The Minister of Power, Works and Housing, Mr. Babatunde Fashola, has declared that eligible power consumers are now free to purchase electricity directly from power generation companies.

By declaring eligible customers, the minister has empowered the consumer to buy electricity directly from licensees other than the power distribution companies, a development that the Discos recently opposed.

The Nigerian Electricity Regulatory Commission on Friday stated that Fashola declared four categories of eligible customers in the Nigerian electricity supply industry on May 15, 2017, describing the declaration as a major policy directive in the industry.

In a statement issued in Abuja, NERC said, “The declaration, which permits electricity customers to buy power directly from the generation companies, is in line with the provisions of Section 27 of the Electric Power Sector Reform Act, 2005, whereby eligible customers are permitted to buy power from a licensee other than the electricity distribution companies.

In exercising the power conferred on him by the said Act, the minister directed the commission to permit four categories of customers to buy power directly from licensees other than electricity distribution companies.”

It stated that the first category of eligible customers comprised of a group of end-users registered with the commission whose consumption was not less than two megawatts-hour/hour and connected to a metered 11kV or 33kV delivery point on the distribution network.

These customers, according to NERC, must be subject to a distribution use of system agreement for the delivery of electrical energy.The commission added, “The next category of eligible customers are those connected to a metered 132kV or 330kV delivery point on the transmission network under a transmission use of system agreement for connection and delivery of energy.
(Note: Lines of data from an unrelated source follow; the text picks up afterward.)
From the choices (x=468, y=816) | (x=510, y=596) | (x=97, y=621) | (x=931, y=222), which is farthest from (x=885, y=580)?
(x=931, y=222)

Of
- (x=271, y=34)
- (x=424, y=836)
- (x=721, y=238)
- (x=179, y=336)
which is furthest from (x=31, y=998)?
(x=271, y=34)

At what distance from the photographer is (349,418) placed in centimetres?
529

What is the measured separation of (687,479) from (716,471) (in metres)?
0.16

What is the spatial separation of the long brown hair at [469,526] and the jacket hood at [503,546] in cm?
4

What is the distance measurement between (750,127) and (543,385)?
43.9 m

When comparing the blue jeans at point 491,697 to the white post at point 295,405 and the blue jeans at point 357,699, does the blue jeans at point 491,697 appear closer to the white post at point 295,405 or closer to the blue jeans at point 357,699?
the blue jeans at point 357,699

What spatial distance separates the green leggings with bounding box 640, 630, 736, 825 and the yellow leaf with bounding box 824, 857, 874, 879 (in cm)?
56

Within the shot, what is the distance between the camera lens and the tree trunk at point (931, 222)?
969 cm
“Other category of customers under the declaration consists of those with consumption in excess of 2MWhr/h on monthly basis and connected directly to a metered 33kV delivery point on the transmission network under a transmission use of system agreement.

“Eligible customers in this category must have entered into a bilateral agreement with the distribution licensee licensed to operate in the location for the construction, installation and operation of a distribution system for connection to the 33kV delivery point.”
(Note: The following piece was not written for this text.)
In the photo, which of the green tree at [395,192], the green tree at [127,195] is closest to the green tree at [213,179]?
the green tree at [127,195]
“The last category are eligible customers whose minimum consumption is more than 2MWhr/h over a period of one month and directly connected to the metering facility of a generation company, and have entered into a bilateral agreement for the construction and operation of a distribution line with the distribution licensee licensed to operate in the location,” the commission added.

NERC stated that the new policy directive would bring into play new and stranded generation capacities, which might be contracted between the generation companies and eligible customers.
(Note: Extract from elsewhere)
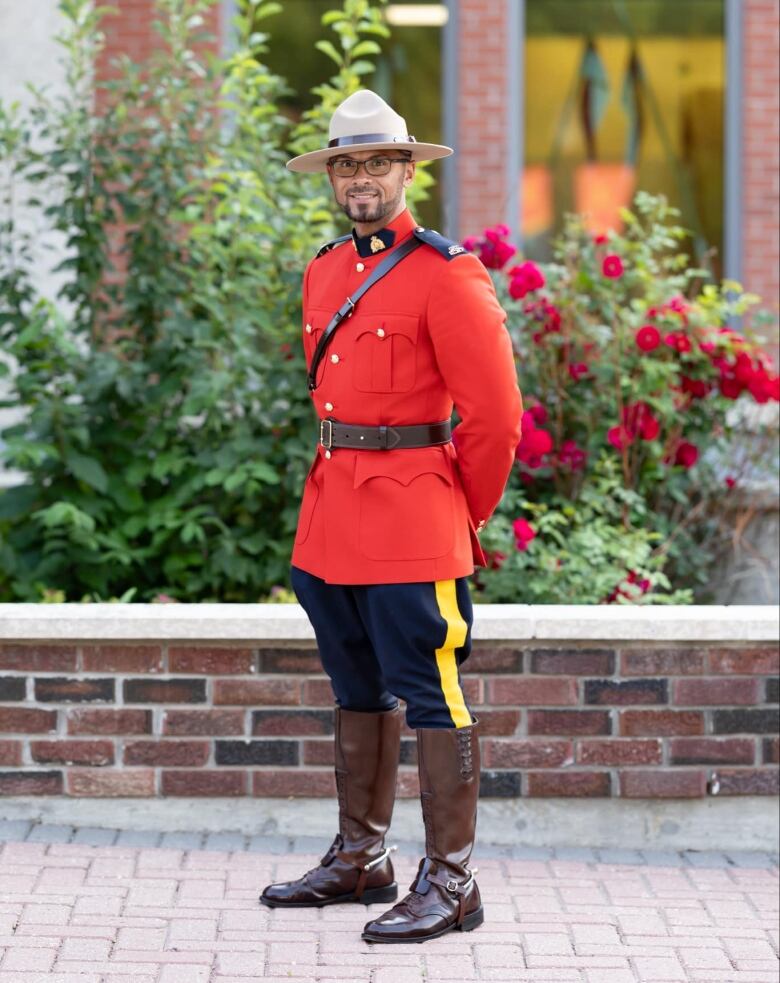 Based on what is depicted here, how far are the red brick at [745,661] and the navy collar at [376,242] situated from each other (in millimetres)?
1726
According to the regulator, the declaration further provides that at least 20 per cent of the generation capacity added by the existing or prospective generation licensees to supply eligible customers must be above the requirement of the eligible customers.NERC noted that the supply shall be under a contract with a distribution or trading licensee at a price not exceeding the average wholesale price being charged electricity distribution companies by the Nigerian Bulk Electricity Trader Limited.

“The conditions for the declaration of eligible customer is subject to review by the Nigerian Electricity Regulatory Commission from time to time,” the regulator added.

Prior to the latest declaration by Fashola, all electricity consumers in the different categories get their supply from the power distribution companies.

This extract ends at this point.